Desde su inicio, la Iglesia ha hecho oír su palabra acerca de la a verdad de la sexualidad humana, y en consecuencia ha denunciado la contradicción objetiva del acto sexual fuera del matrimonio y por tanto, la falta de auténtica racionalidad de las diversas uniones o modos de cohabitación sexual al margen del vínculo matrimonial[7]. Sin embargo, la cultura actual enfrenta a la Iglesia ante un desafío nuevo: en efecto, parte de la mentalidad de hoy ha llevado en no pocos países a la pretensión de considerar social y jurídicamente iguales —o al menos equiparables— tales uniones de hecho, con respecto a la verdadera unión conyugal, llegando en muchos países y regiones a la asimilación al matrimonio de otro tipo de uniones, especialmente las uniones homosexuales, que no es que han sido “equiparadas al matrimonio”, sino que han sido incluidas dentro de la noción misma de matrimonio.
Por ello conviene recordar la naturaleza de la familia fundada sobre el matrimonio, el carácter suprahistórico y perenne del que está revestida, por encima de los cambios de tiempos, lugares y culturas, y la dimensión de justicia que surge del propio ser de la familia y de las relaciones que la constituyen[8].
Antes de entrar en el análisis de las convivencias de tipo sexual, de cualquier orden que sean, conviene recordar algunas ideas centrales sobre la naturaleza del matrimonio, pues sólo a partir de una adecuada comprensión del ser del matrimonio y la familia podremos entender la improcedencia del reconocimiento público —y aún más de la equiparación con el matrimonio— de otro tipo de uniones.
El matrimonio —en el cual se funda la familia— no es una “forma de vivir la sexualidad en pareja”: si fuera simplemente esto, se trataría de una forma más entre las varias posibles. Tampoco es simplemente la expresión de un amor sentimental entre dos personas. El matrimonio es mucho más que eso, es una unión entre mujer y varón, precisamente en cuanto tales, y en la totalidad de su ser masculino y femenino. Tal unión sólo puede ser establecida por un acto de voluntad libre de los contrayentes —el pacto conyugal—, pero su contenido específico viene determinado por la estructura del ser humano, mujer y varón: es la entrega y aceptación de la propia persona femenina o masculina para un mutuo perfeccionamiento de cada uno y para recibir los hijos e introducirlos en la sociedad.
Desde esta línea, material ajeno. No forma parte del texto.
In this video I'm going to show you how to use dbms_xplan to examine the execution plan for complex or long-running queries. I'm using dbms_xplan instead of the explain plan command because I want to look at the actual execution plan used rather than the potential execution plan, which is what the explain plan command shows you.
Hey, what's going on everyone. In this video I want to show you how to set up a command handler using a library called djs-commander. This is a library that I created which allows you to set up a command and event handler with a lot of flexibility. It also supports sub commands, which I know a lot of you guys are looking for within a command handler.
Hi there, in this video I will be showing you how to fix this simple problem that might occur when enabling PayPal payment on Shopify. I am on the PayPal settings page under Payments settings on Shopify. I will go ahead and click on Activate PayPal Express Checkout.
Es aquella unión que de un modo profundamente antropológico significa —es imagen y semejanza— la relación entre Dios y el hombre. En ella, como afirma Viladrich, se da una trilogía — amante, amado y unión de amor — que hace del hombre imago Dei, no sólo como individuo cerrado en su individualidad, sino como ser llamado a la comunión, en modo análogo a la unión de amor trinitario.
A este don de sí en toda la dimensión complementaria de mujer y varón con la voluntad de deberse en justicia al otro para los fines mencionados, se le llama “conyugalidad”, y los contrayentes se constituyen entonces en cónyuges: «esta comunión conyugal hunde sus raíces en el complemento natural que existe entre el hombre y la mujer y se alimenta mediante la voluntad personal de los esposos de compartir todo su proyecto de vida, lo que tienen y lo que son; por eso tal comunión es el fruto y el signo de una exigencia profundamente humana»[9].
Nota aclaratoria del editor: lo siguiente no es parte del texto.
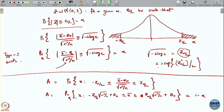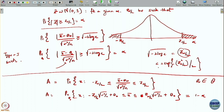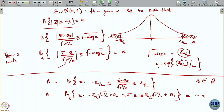Now, the right-hand side 1 minus alpha is coming because of the choice we have made: z alpha by 2. This choice has nothing to do with what theta naught you are choosing. So now, is this expression true for any theta naught, or is it true for only some specific theta naught? I mean, theta naught is some parameter from your parameter space. Does it depend on any particular theta naught, or does this hold for any theta coming from that space? If instead of theta naught equals 2 I change this to theta equals 3, does this relation hold or not?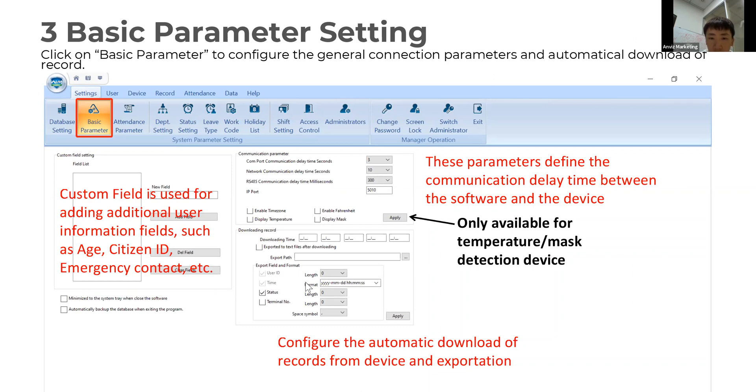The third will be configuring the automatic download time for your report.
El matrimonio, en consecuencia, se asienta sobre unos presupuestos antropológicos y teológicos —también en el caso del matrimonio no sacramental, que es una realidad sagrada— definidos, que lo distinguen de otros tipos de unión, y que —superando el mero ámbito del obrar, de lo “fáctico”— lo enraízan en el mismo ser de la persona de la mujer o del varón.
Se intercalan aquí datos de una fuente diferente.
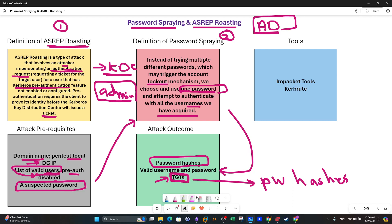Now let's talk about the tools. You need to install Impacket tools, and then you use Kerbrute — which is a very important tool for ASreproasting. Kerbrute handles ASreproasting, and Impacket tools can be used to perform password spraying.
Entre los presupuestos de esta unión, indicamos los siguientes: a) la igualdad de mujer y varón, pues ambos son personas igualmente, si bien lo son de modo diverso; b) el carácter complementario de ambos sexos, del que nace la natural inclinación entre ellos impulsada por la tendencia a la generación de los hijos[10]; c) la posibilidad de un amor al otro precisamente en cuando sexualmente diverso y complementario, de modo que «este amor se expresa y perfecciona singularmente con la acción propia del matrimonio»[11]; d) la posibilidad —por parte de la libertad— de establecer una relación estable y definitiva: debida en justicia[12]; e) la dimensión social de la condición conyugal y familiar, que constituye el primer ámbito de educación y apertura a la sociedad a través de las relaciones de parentesco que contribuyen a la configuración de la identidad de la persona humana[13].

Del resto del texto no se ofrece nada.